Literatürde Örgütsel sinizm ile örgütsel sapma arasındaki

ilişkiye dair rastlanan tek çalışma olan Shahzad ve Mahmood

(2012)’un sonuçları ile bu çalışma kapsamında ulaşılan sonuçlar tam

olarak örtüşmektedir. Örgütsel sinizm ve örgütsel sapma arasındaki kuvvetli ve pozitif yönlü olarak ulaşılan ilişkiler adı geçen çalışmayı destekler niteliktedir.

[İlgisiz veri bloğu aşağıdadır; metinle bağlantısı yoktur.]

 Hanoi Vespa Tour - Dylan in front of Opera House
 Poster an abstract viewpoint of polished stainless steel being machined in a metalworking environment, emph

Araştırma hipotezlerinden dördüncüsü olan “Yıkıcı liderliğin örgütsel sapma davranışı üzerindeki etkisinde örgütsel sinizmin aracılık etkisi vardır.” hipotezini test edebilmek amacıyla hiyerarşik regresyon analizi yapılmıştır. Hiyerarşik regresyon analizi yapmak

için belli şartların sağlanması gereklidir. Araştırma hipotezlerinin ilk üç tanesi bu gereklilikleri karşılamaktadır. Bağımsız değişken olan yıkıcı liderliğin bağımlı değişken üzerinde anlamlı bir etkisi vardır

(H2). Bağımsız değişken olan yıkıcı liderliğin aracı değişken olan

örgütsel sinizm üzerinde anlamlı bir etkisi vardır (H1). Aracı değişken

olan örgütsel sinizmin bağımlı değişken olan örgütsel sapma üzerinde

anlamlı bir etkisi vardır (H3). Bu ön şartlar sağlanması dahilinde

gerçekleştirilen hiyerarşik regresyon analizi sonuçlarına göre yıkıcı liderliğin örgütsel sapma üzerindeki etkisindeki regresyon katsayısı olan β değerinin 0,429 iken örgütsel sinizm modele aracı değişken olarak eklendiğinde 0,280 seviyesine gerilediği tespit edilmiştir. Eğer regresyon katsayısı sıfıra düşmüş olsaydı tam aracılık etkisinden söz edilebilecekti ancak bu çalışmaya göre katsayıdaki düşüş kısmi aracılık şeklinde sonuçları ifade etmektedir. Kısmi aracılık iki değişken arasındaki ilişkinin tek aracısının modele eklenen değişken olmadığını göstermektedir. Tek aracı olmamakla beraber örgütsel sinizm yıkıcı liderlik ile örgütsel sapma arasında aracılık etkisine

sahiptir. Bu sonuçlara göre hipotez dört kısmi aracılık etkisi vardır

şeklinde kabul edilmiştir.

Araştırma değişkenlerinin tamamını ele alan bir çalışmaya rastlanmamış olmakla beraber Gkorezis vd. (2015)’in çalışmalarına paralel sonuçlar elde edilmiştir. İlgili çalışmada olumsuz şekilde algılanan bir liderlik tipi olan makyevelist liderliğin örgütsel sapma gibi olumsuz sonuçlara yol açabilecek bir kavram olan duygusal tükenmişlik üzerindeki etkilerinde örgütsel sinizmin aracılık etkisi

olduğu sonuçları bu çalışmanın sonuçları ile örtüşmektedir. Adı geçen çalışmayı destekler nitelikte sonuçlara ulaşılmıştır. Benzer şekilde algılanan yönetici desteğinin duygusal bağlılık üzerindeki etkilerine örgütsel sinizmin aracılığı olduğu sonuçlarını vurgulayan Neves

(2012)’in çalışmalarını destekleyen sonuçlar elde edilmiştir. Ayrıca bu

tez çalışması kapsamında yapılmış olan nitel araştırmada elde edilen, değişkenler arası ilişkilerin var olabileceği sonucu da (Çelebi ve Uysal, 2017) tezin bulgularıyla desteklenmiştir.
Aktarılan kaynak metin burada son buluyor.